Nestled in the foothills of the Appalachian Mountains, Rowan County is home to about 24 thousand people.
While not a coal-producing county, Judge Executive Harry Clark says people there benefited from coal. "When the coal jobs started leaving us, the area, the region, it affects us as well. Anytime you mess with anything within a region, whether good or bad, it affects all the counties," Clark explained.
Dustin Pugel, a policy analyst with the Kentucky Center for Economic Policy, says that has kept eastern Kentucky with an unwelcome designation. "The fifth congressional district, so Hal Rogers' district in Eastern Kentucky is the third poorest district in the country.
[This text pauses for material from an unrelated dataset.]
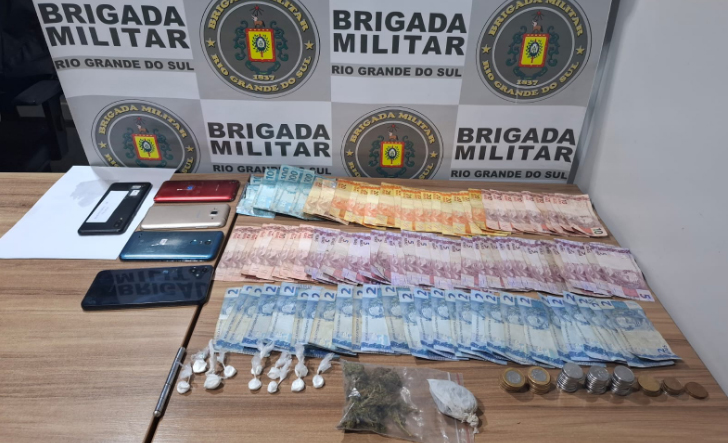 Drogas, dinheiro, celulares e outras mercadorias foram apreendidas na casa da suspeita (Foto: Brigada Militar/Divulgação)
It's got the third highest rate of poverty."
Kentucky has 54 counties in Appalachia as defined by the Appalachian Regional Commission.
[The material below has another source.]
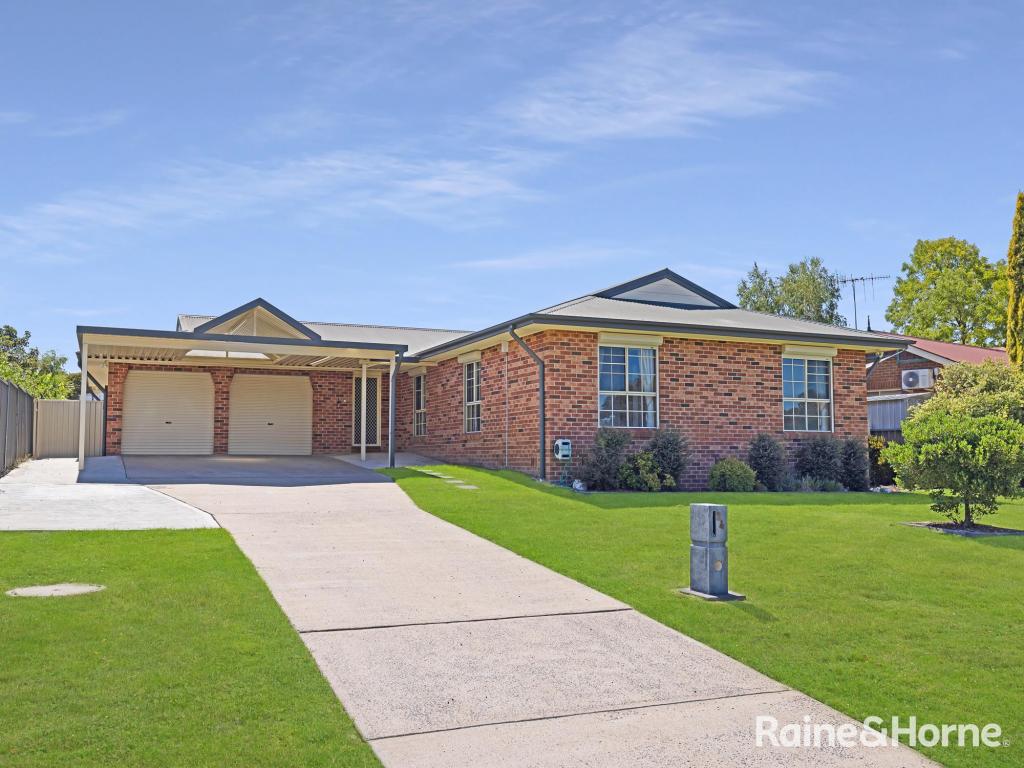 24 Barker Cct, Kelso, NSW 2795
38 of them are distressed, meaning they fall into the bottom ten percent of the nation's counties when looking at the poverty rate, per capita income, and three-year unemployment average.
"In 2010, when the economy started going south, Rowan County went to an unemployment rate of about 10.5 percent. But because of our steady employers, that I call them, we recovered slowly from that, but we did recover from that, while our surrounding counties were effected by coal," Clark said.
Rowan County is the only Kentucky county that was downgraded for the current year.
Overall in Kentucky's Appalachian counties, while annual income went up by about $800, the poverty rate increased this year.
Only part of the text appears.